Other than that, there’s nothing that stands out as needing to automatically go just for player-champion proficiency (although NoXiAK’s Leona should be monitored carefully). In terms of targeted compositional bans, G2 should just follow the LCS’s lead and ban out Sivir unless they’re willing to first-pick it (and – the engage/disengage value of the ultimate massively helps one comp and hurts the other. A Braum ban is also worth considering – no other champion can provide the sort of utility against a poke comp that he can, and NoXiAK is known to play it. 

In terms of LCS bans on the most recent available patch, we’ve seen Lulu (understandable but probably not worth a spot), Rek’Sai (utterly pointless), Jayce, Azir, Shen twice (a lower priority now – there’s a good chance that NoXiAK won’t play it which removes a lot of the utility), and Tahm Kench.

For pick priority, the #1 pick for G2 should most likely be Jayce. Perkz’s best performances in terms of raw DPS have come on the champion (as opposed to the decent but not mind-boggling numbers on Viktor and Azir), and given that the series could very easily be decided on one late teamfight in any game that stalls out, this isn’t something worth taking chances on. That’s not even mentioning that, his damage aside, Jayce’s utility via Acceleration Gate has the potential to be huge.

Jayce will realistically need to be paired with at least one of Elise and Corki. It seems a very real possibility that Corki won’t make it through to a first-rotation red or second-rotation blue pick if it’s left unbanned (it was first-pick blue in both week 9 games), but if it’s there, it needs to be taken off the table – given the prospensity of both ADCs to Sivir and Corki, and given that it’ll force the other onto something like an Ezrael or Caitlyn, it’s a nice deny. 

Letting Elise fall this far (i.e. not ban or first-rotation pick) is a little bit of a risk – she’s extremely powerful right now, is multi-compositional thanks to her build path flexibility, and should in theory fit Svenskeren well – but he’s making so little use of it in solo queue as opposed to other champions (particularly Gragas) that it seems very likely that it won’t feature too highly in SK’s priorities.

With an early pick being spent on mid, there should be good scope for counter-picking lanes and the jungler down lower, so it’s not worth going into too much detail here given how long we’ve already gone on. One point of concern worth noting is that SK may make use of Gangplank as an answer to the Ryze-Rumble options for AP top – a Ryze ban is likely (it’s been banned in 5 of their last 6 games by them), and the reworked champion has been wheeled out already in competitive as an answer to Rumble in-lane.

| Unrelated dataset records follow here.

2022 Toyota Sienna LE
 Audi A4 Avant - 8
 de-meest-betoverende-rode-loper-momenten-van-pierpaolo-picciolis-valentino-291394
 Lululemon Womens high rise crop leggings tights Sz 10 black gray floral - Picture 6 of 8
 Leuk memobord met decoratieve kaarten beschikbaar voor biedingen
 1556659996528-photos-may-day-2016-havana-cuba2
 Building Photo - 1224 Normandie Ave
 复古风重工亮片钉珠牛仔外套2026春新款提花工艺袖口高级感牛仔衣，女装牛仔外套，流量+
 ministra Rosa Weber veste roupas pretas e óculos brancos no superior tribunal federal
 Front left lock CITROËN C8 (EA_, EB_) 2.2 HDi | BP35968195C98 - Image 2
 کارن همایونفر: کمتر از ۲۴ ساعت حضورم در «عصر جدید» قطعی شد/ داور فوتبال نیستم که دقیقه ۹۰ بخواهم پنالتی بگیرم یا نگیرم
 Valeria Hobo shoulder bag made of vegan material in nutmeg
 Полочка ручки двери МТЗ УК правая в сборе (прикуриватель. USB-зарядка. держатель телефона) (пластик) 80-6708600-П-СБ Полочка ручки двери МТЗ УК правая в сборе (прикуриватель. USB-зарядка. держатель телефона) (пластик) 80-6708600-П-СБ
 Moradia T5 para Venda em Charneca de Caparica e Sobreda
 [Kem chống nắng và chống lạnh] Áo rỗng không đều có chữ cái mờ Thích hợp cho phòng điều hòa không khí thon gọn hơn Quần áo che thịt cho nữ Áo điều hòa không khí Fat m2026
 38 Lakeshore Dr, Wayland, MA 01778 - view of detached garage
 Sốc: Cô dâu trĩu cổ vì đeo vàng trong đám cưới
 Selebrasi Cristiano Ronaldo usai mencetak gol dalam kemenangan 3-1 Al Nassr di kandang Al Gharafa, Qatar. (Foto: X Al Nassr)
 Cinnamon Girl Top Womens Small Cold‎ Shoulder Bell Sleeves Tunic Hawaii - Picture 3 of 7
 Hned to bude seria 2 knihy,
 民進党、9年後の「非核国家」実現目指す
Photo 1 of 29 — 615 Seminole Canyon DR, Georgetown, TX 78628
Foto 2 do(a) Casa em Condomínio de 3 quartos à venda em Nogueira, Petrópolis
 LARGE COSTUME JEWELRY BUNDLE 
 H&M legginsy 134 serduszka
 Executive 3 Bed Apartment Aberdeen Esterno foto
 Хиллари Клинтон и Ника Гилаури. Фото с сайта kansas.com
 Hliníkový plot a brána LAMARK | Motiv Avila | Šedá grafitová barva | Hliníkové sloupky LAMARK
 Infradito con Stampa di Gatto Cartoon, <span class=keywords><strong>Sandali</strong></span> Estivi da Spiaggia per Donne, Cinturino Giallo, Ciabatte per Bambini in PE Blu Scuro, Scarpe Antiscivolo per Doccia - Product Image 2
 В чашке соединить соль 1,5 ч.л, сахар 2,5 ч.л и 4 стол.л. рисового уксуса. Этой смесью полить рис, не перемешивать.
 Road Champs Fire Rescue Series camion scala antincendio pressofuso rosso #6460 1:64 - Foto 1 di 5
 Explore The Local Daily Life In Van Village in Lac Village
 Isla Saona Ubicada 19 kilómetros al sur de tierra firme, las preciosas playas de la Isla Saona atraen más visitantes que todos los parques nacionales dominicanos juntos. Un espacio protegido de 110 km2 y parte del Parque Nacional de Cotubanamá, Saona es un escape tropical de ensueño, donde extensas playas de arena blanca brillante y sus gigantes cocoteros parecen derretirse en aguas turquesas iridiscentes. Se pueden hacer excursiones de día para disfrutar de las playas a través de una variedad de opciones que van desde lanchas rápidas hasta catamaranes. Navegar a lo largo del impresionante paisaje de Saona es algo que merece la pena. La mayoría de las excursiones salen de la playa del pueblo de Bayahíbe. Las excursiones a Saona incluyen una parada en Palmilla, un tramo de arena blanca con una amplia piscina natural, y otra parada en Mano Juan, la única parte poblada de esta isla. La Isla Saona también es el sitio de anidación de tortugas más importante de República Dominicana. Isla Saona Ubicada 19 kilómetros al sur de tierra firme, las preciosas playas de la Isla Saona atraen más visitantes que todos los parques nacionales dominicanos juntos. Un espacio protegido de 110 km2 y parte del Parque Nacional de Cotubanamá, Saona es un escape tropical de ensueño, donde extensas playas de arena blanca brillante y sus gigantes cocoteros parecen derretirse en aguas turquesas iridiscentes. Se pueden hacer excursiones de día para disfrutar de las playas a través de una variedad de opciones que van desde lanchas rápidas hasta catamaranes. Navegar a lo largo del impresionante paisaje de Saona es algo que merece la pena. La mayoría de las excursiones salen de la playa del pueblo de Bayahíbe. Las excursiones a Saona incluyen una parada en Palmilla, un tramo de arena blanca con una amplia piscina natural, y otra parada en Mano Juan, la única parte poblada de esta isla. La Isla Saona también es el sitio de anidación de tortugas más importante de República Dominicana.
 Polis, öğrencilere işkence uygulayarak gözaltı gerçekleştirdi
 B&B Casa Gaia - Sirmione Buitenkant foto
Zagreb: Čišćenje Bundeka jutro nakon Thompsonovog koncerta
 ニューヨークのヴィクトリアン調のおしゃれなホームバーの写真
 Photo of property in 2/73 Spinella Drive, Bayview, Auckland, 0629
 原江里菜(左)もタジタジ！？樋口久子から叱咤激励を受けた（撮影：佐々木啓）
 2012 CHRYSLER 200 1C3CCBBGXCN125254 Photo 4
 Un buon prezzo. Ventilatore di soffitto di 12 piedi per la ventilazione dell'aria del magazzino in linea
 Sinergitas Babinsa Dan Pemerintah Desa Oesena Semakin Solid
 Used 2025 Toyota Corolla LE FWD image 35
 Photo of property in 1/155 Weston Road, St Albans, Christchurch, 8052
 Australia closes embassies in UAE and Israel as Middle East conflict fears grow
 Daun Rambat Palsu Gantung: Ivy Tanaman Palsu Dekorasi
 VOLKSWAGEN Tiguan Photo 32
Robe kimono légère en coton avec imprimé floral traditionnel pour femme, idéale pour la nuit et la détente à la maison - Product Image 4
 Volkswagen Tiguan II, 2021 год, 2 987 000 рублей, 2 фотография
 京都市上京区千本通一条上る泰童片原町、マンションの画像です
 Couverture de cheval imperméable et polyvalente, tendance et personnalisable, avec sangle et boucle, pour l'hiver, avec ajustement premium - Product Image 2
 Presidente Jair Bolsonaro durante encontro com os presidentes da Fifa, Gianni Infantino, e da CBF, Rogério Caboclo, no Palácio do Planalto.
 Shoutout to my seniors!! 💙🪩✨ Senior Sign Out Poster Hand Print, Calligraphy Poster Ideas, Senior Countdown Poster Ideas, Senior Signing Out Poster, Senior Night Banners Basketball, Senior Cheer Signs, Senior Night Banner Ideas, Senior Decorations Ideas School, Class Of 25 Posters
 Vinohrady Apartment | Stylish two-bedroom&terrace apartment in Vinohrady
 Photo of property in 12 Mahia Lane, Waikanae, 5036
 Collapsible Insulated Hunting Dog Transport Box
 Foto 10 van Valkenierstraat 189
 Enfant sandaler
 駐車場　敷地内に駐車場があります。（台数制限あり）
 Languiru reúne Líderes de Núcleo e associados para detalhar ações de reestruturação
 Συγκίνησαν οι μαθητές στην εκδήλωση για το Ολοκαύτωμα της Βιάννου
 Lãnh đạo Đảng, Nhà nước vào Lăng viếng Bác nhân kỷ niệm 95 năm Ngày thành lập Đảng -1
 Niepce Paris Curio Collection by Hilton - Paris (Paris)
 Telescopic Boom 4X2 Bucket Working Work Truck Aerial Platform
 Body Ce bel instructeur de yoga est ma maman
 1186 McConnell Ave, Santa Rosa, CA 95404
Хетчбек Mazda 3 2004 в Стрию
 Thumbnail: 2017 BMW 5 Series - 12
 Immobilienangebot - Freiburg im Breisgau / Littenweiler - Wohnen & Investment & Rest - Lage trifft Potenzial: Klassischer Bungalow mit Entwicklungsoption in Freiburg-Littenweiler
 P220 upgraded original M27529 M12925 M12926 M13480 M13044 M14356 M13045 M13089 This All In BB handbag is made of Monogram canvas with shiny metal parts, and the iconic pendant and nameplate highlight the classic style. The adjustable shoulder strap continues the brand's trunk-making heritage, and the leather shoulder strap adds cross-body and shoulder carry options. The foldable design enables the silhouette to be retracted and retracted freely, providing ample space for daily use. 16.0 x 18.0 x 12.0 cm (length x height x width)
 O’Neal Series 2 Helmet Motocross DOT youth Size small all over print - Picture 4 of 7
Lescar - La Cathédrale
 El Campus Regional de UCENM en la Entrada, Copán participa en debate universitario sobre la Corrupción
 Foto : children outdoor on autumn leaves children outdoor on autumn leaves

On the subject of ‘wildcard’ picks in general and solo-queue give-aways, the only two that blatantly stand out (albeit still a fair distance away from the series itself) is fredy122’s Kennen (would fit within SK’s style although would also be tricky to pair with a jungler) and Fox’s Veigar (makes very little sense). It’s possible that other picks will reveal themselves closer to the time, but there isn’t anything obvious out there that would fit well with how SK want to play while also warping the matchup in their favour.

In general terms, and without looking at the finer points of lane control and rotational play, the winning team will likely be the faster team in most matches in this series. A high priority needs to be put by both teams on movement speed, and as a by-product, on supporting parts that make good use of it in their own engages. Conversely, a lower priority needs to be put on soft CC (e.g. slows) – that might sound silly, but with both teams stacking up on speed-based disengage, and potential wildcards like the Olaf pick coming out, positioning will take precedence over reactive play.

Since the inception of the current Promotion Tournament format (a Bo5 between a LCS and CS team) in the summer of 2014, eight teams have attempted to win promotion to the EU LCS through the tournament. On seven of the eight occasions, the LCS team has won; six of those serieses failed to go five games, and three were sweeps. It may have been a very bumpy road for Gamers2, but in this tournament, they have been handed what their contemporaries who made it over them didn’t have – a dream matchup, and a genuine chance to topple one of the LCS old guard.